By 2022, preliminary evaluations had been conducted, showing potential for crash reduction.

== Design and operation ==
RJAWS operates by detecting vehicles approaching from minor roads using radar or embedded sensors. Upon detection, it activates electronic signs on the main road approaches, which may display flashing warnings, reduced speed limits (e.g., from 100 km/h to 80 km/h), or advisory messages like "Slow Down."

The RJAWS Lite version emphasizes affordability, with off-grid solar power and wireless communications, making it suitable for remote installations. It provides two main functions: main road speed advisories via flashing lights and minor road alerts to prevent overshooting the intersection.

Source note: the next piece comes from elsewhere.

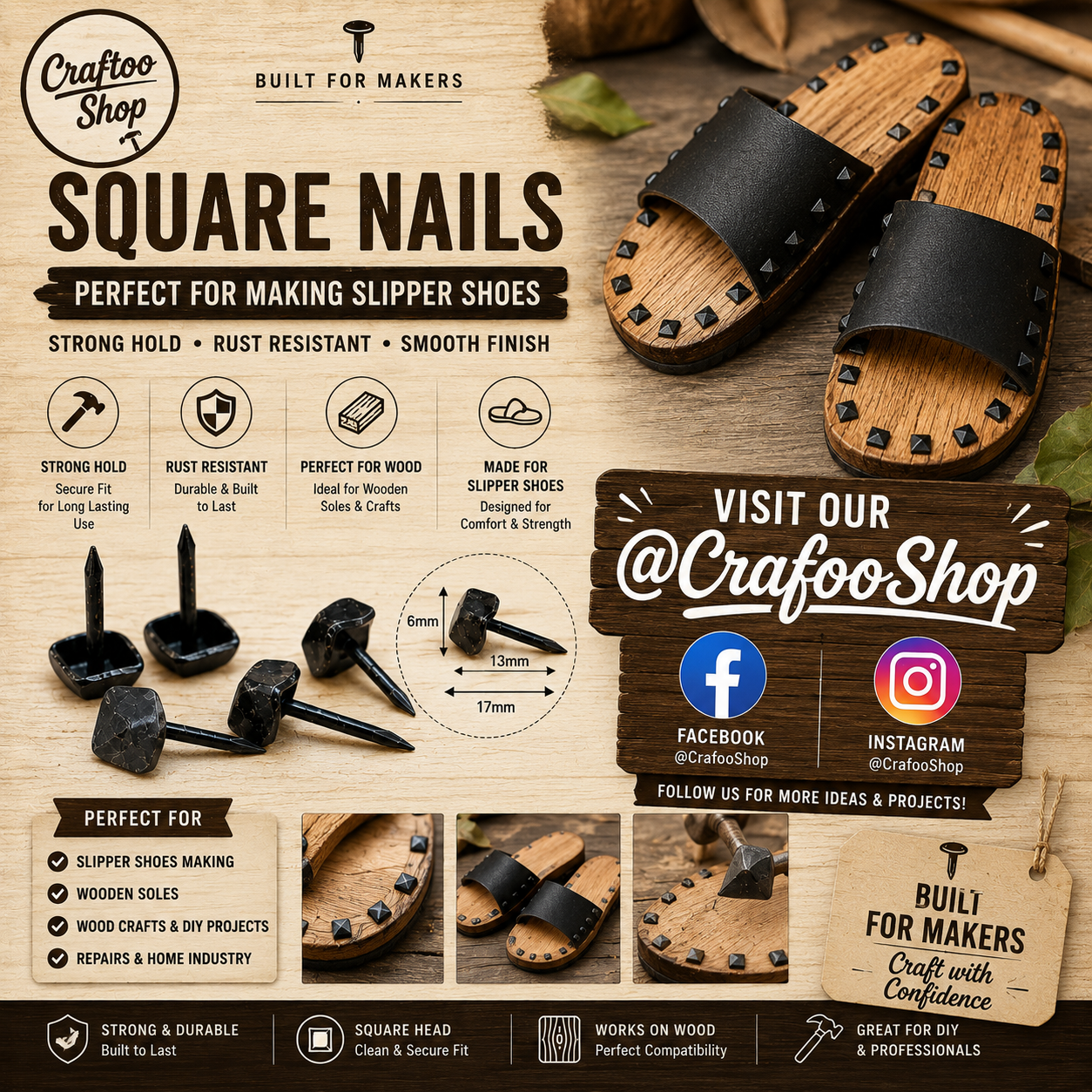 Furniture Nails, Antique Square Head Decorative, Hand forged Iron box thumb Push Pins, Wood Sofa Door Gate stud Leather Work, Upholstery Black 17mmX6mm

The system is designed to improve safe intersection sight distance (SISD) and reduce reaction times, thereby lowering crash likelihood and severity.

== Installations ==
RJAWS has been installed at several high-risk rural intersections in South Australia. Initial trials in 2018 included sites such as the junctions of Cudlee Creek Road and Fox Creek Road, McLaren Flat Road and Baker Gully Road, Bull Creek Road and Paris Creek Road, and Horrocks Highway and Stradbrooke Road.

=== McLaren Vale example ===
In McLaren Vale, RJAWS was deployed as part of a broader $4.98 million project to upgrade 21 intersections, funded by the South Australian Government and managed by the City of Onkaparinga. A notable installation occurred at the intersection of Chalk Hill Road, Olivers Road, and Field Street in October 2022. The system used radar-activated flashing warning lights to alert main road drivers to side-road vehicles, addressing a history of overshooting incidents.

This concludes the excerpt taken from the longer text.